WORK REQUEST: Pictures should be left out while the data beneath this task is written out word for word.

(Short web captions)
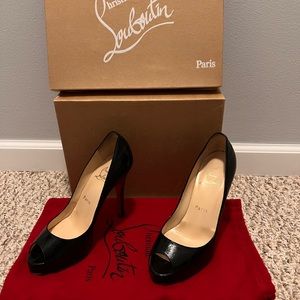 Christian Louboutin Pumps Black Very Prive 120 Peep Toe Platform Heels Size 37.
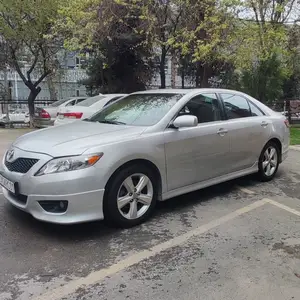 Toyota Camry, 2011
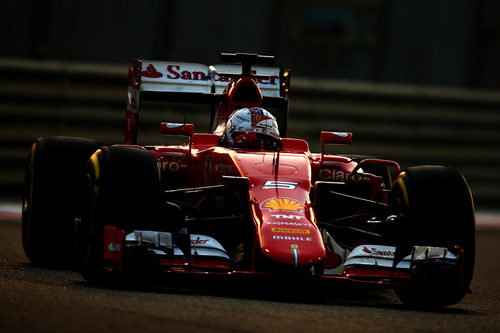 Sebastian Vettel durante su vuelta lanzada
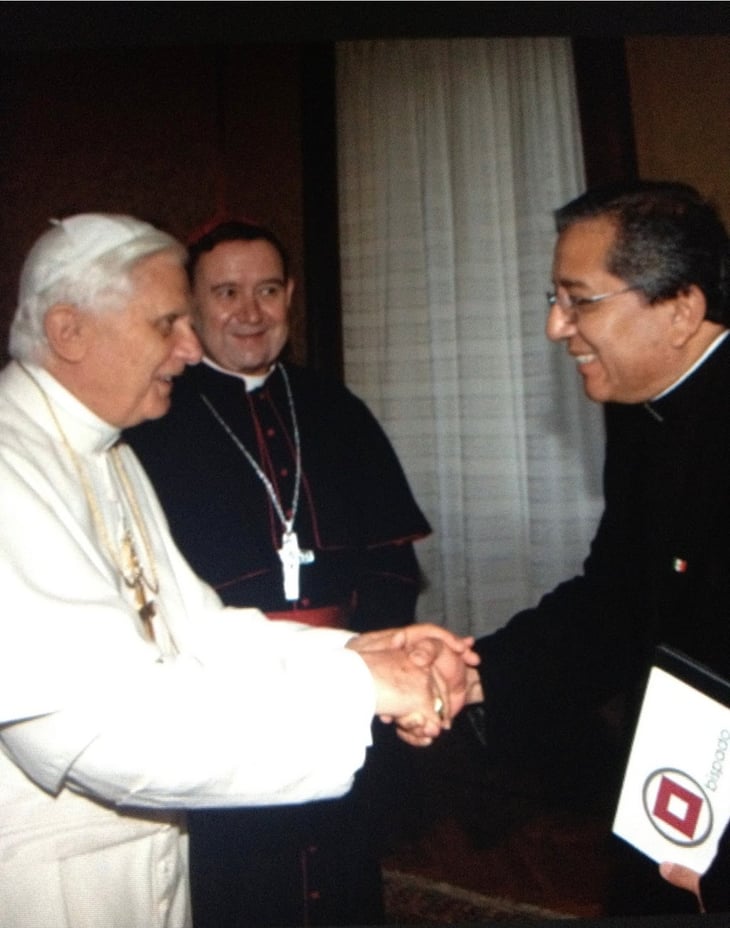 Obispo da mensaje por fallecimiento de Benedicto XVI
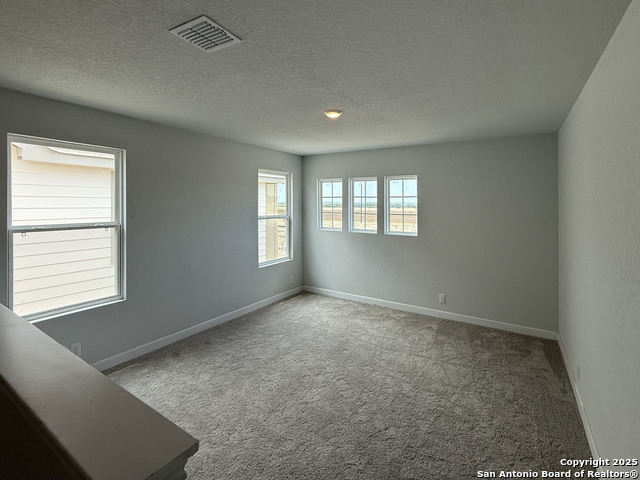 Listing photo id 16 for 7028 Sycamore Hollow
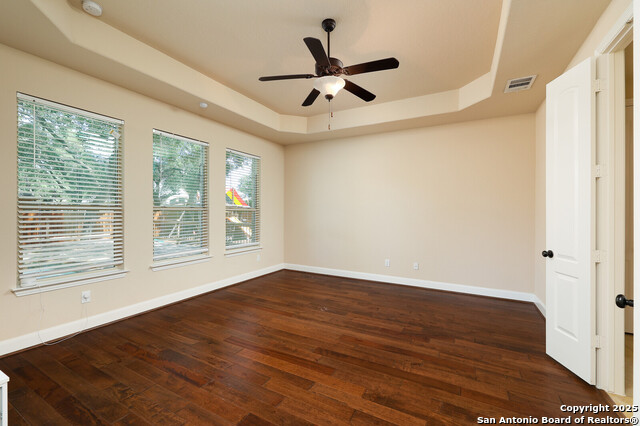 Listing photo id 17 for 9610 Ninas Ct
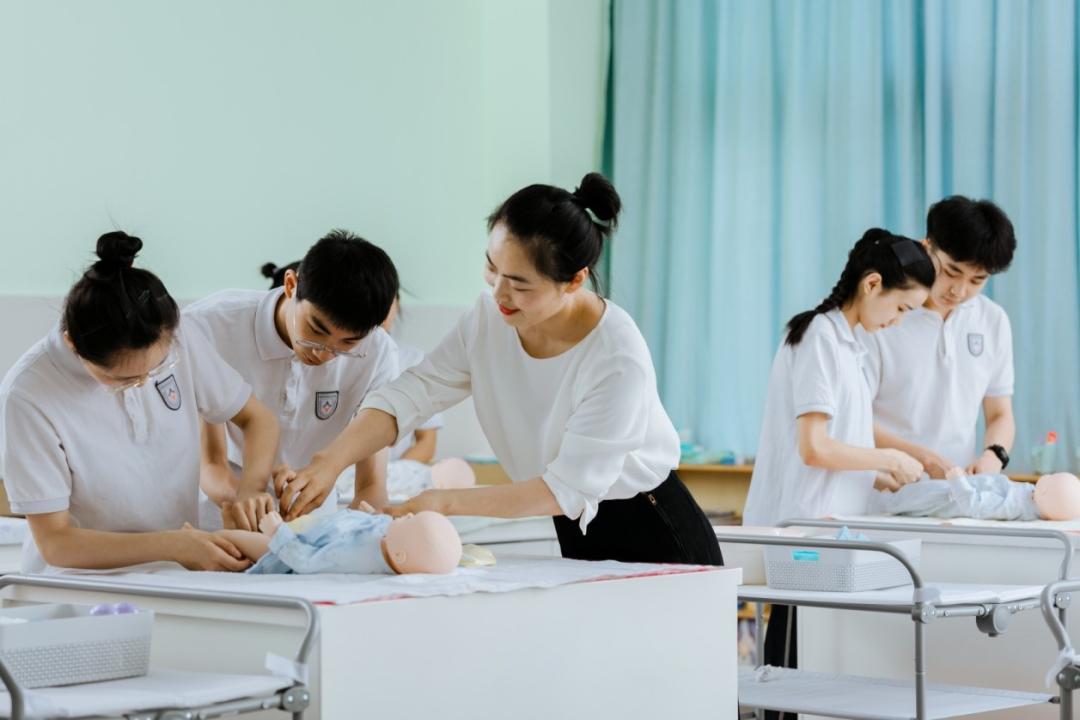 成都现代职业学校,成都市现代职业技术学校好吗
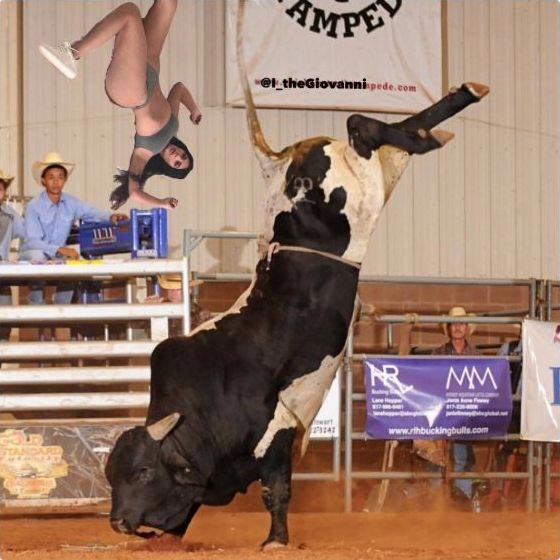 Пользователи затроллили Ким Кардашьян за её нелепую позу на кровати фото ким кардашьян, ким кардашьян в странной позе, затроллили ким кардашьян, ким кардашьян битва фотошоперов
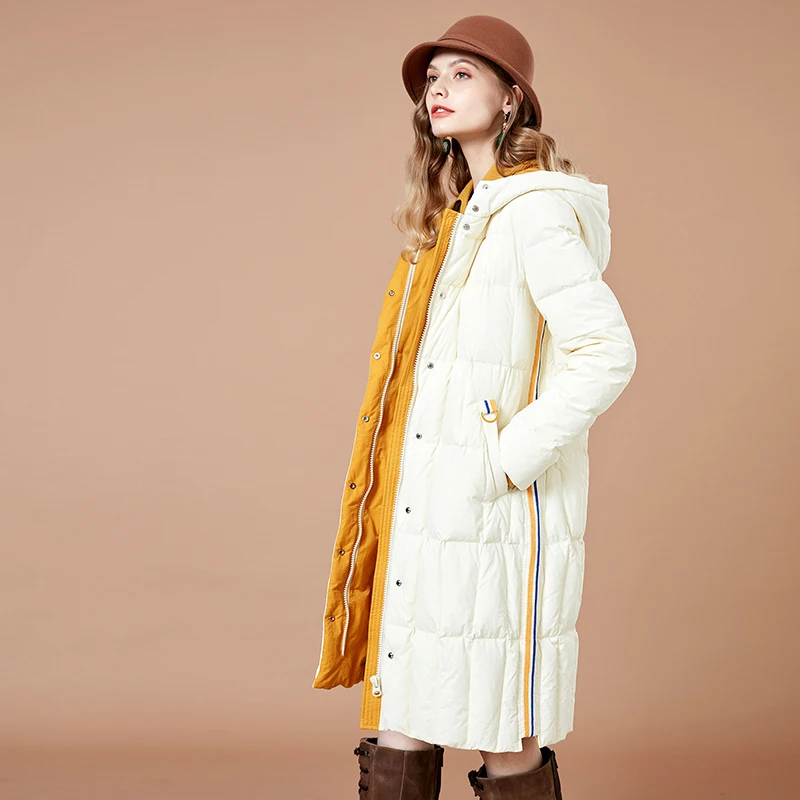 ARTKA Women 2018 Winter 90% White Duck Down Coat Contrast Color Hoodies Female Fashion Thicken Jacket Coats YK10089D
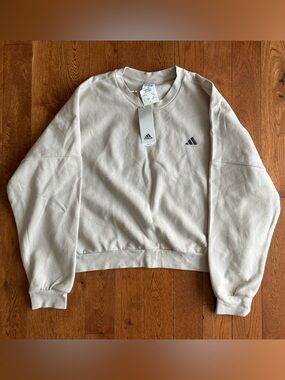 Women’s size L Adidas Crewneck Sweatshirt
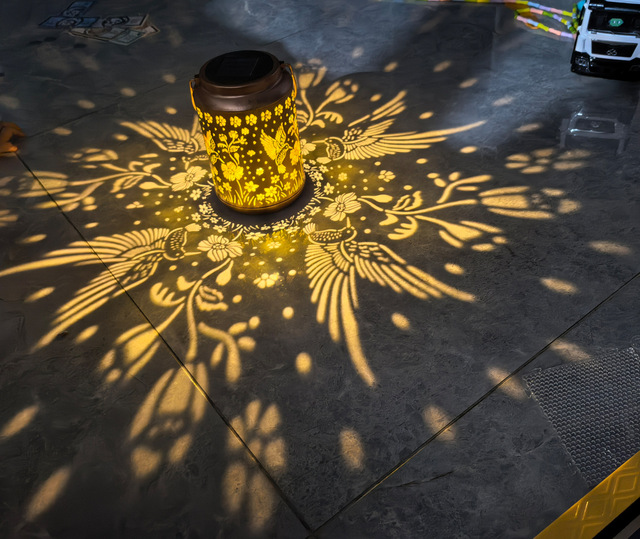 Solar-powered IP65 Waterproof Hummingbird Hollowed-Out Metal LED Lanterns for Gardens and Courtyards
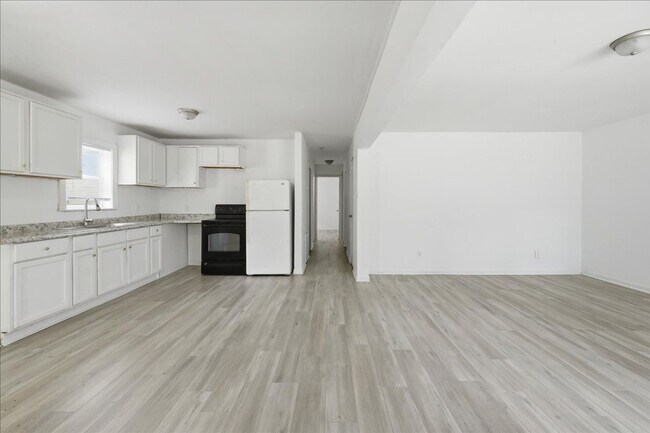 Foto del edificio - 2828 N Gale St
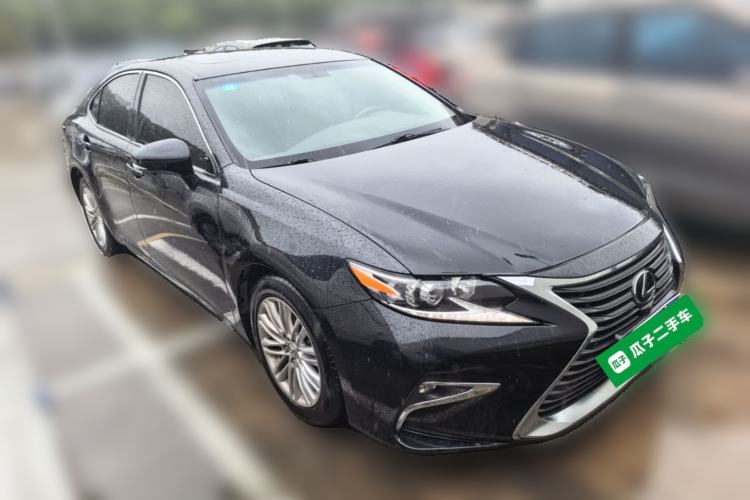 Used Lexus ES 2015 200 Elite Edition Front Right 45 Deg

EXERCISE SOLUTION:
 Christian Louboutin Pumps Black Very Prive 120 Peep Toe Platform Heels Size 37.
 Toyota Camry, 2011
 Sebastian Vettel durante su vuelta lanzada
 Obispo da mensaje por fallecimiento de Benedicto XVI
 Listing photo id 16 for 7028 Sycamore Hollow
 Listing photo id 17 for 9610 Ninas Ct
 成都现代职业学校,成都市现代职业技术学校好吗
 Пользователи затроллили Ким Кардашьян за её нелепую позу на кровати фото ким кардашьян, ким кардашьян в странной позе, затроллили ким кардашьян, ким кардашьян битва фотошоперов
 ARTKA Women 2018 Winter 90% White Duck Down Coat Contrast Color Hoodies Female Fashion Thicken Jacket Coats YK10089D
 Women’s size L Adidas Crewneck Sweatshirt
 Solar-powered IP65 Waterproof Hummingbird Hollowed-Out Metal LED Lanterns for Gardens and Courtyards
 Foto del edificio - 2828 N Gale St
 Used Lexus ES 2015 200 Elite Edition Front Right 45 Deg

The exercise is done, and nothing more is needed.